At the Ascension, Jesus told them to return to Jerusalem and wait the ten days until the next Jewish Harvest Festival. I'm sure the disciples were reliving all the memories and words of those three years with Jesus, wondering what the heck he really meant! while waiting for the next Shavuot Festival. Remembering and praying and waiting.


Every year at this time the Jews read the 10 Commandments, remembering Moses and the commandments inscribed by God on stone on Mt Sinai in the desert. But the Jews of Jesus' day missed the bigger picture, not recognizing Jesus as the prophesied Messiah, and what His Kingdom might look like. To Jeremiah (31:33) God said, "I will put My law within them, and on their heart I will write it" who's message carried further in II Corinthians 3:3 says, "You are a letter of Christ written not with ink, but with the Spirit of the living God, not on tablets of stone, but on tablets of human hearts."


Jesus died and then resurrected on Easter becoming the first fruit at the early first fruit festival. In our Christian year, 50 days later, Shavuot, the other first fruit festival, became Pentecost, and as Christians we have the Holy Spirit living within us - we are first fruits too. So from the letter of the law, to the Spirit; from stone to human hearts.
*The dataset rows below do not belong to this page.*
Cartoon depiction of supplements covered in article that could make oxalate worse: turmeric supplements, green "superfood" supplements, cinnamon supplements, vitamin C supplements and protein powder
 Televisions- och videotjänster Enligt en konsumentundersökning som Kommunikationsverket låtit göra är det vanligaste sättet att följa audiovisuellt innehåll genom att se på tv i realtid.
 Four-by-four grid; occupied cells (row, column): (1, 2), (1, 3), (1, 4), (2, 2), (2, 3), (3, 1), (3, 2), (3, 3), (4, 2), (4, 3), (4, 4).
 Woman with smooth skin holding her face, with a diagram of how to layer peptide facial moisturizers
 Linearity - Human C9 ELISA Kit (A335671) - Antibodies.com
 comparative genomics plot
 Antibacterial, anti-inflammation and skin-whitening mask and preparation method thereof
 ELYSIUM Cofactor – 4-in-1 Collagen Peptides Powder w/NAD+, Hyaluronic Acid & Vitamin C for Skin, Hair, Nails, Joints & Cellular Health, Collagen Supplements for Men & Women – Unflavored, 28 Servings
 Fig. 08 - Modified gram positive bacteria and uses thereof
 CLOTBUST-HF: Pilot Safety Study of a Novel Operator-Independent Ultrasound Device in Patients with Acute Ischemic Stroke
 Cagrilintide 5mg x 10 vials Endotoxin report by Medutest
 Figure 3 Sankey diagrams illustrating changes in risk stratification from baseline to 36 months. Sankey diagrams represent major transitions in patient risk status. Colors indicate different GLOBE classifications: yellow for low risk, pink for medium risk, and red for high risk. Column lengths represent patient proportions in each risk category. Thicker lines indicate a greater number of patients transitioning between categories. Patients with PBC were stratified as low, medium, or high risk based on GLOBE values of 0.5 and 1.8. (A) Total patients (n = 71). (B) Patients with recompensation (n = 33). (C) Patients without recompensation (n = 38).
I hang seven descending doves over our kitchen table for Pentecost as another visual reminder for my heart. Pentecost is the birthday of the Church. Does your church celebrate Pentecost? I've never been in a church that celebrated it, till last year - and they asked me to help "preach" from my knowledge and passion. We remember God the Father and Son in the Incarnation and Death and Resurrection, but do we celebrate the Holy Spirit and what it all means to our Christianity? A remembrance of letters in stone to the Spirit in our hearts; remembering that the letter of the law brings death, but the Spirit brings life. Remembering the gifts and fruits of the Spirit.

It's now called "Eastertide", I see it as a Season of Redemption. On Passover, the Jews eat history, remembering freedom from slavery. But freedom for what? What is physical freedom without an identity of who you are? Mt Sinai with God and the 10 Commandments gave them a spiritual freedom, a knowing they were part of a larger story. But the 'story of redemption' is even larger for us who believe in the Incarnation, Resurrection, and Pentecost.
There is a great drama that God asks us to be a part of.

God still takes on human flesh today, expanding the Incarnation to us followers of Jesus. The God above became the God alongside, and then the God within. Is this not Wild?!!!!!!!!!!!

2 comments:

Anonymous said...

my dear dear lady, please do not judge the Jews before you really know the bigger picture. we are all part of a bigger picture which soon will have to come together keep your eyes and ears open and you will understand..........

Karey said...

I recognize Jews as part of the same larger drama, larger than my little story here and now. I'm editing the post to say "the Jews of Jesus' day missed the bigger picture", rather than implying ALL Jews.

The First and the Second Testaments that make of the wholeness of scripture that Christians read, and then the carrying on of the stories into what I call the Third Testament as the Great Cloud of Witnesses, carrying on with our stories, attest to God being in our midst through what Jesus did on the cross and then the indwelling of the Spirit in us - a real heart to heart living out life.

Christians accept Jesus as the prophesied Messiah. Jesus took the Shema, adding a verse from Leviticus, and simplified the Law by it being internalized within us and telling us to simply live our days loving God with all our heart, strength and mind, and loving our neighbors as ourselves.

I do try and live life with my eyes and ears open, and think I am open to whatever God desires as His story plays out ... The stage and setting is His, I just need to play my part, and hopefully well, abiding in Him.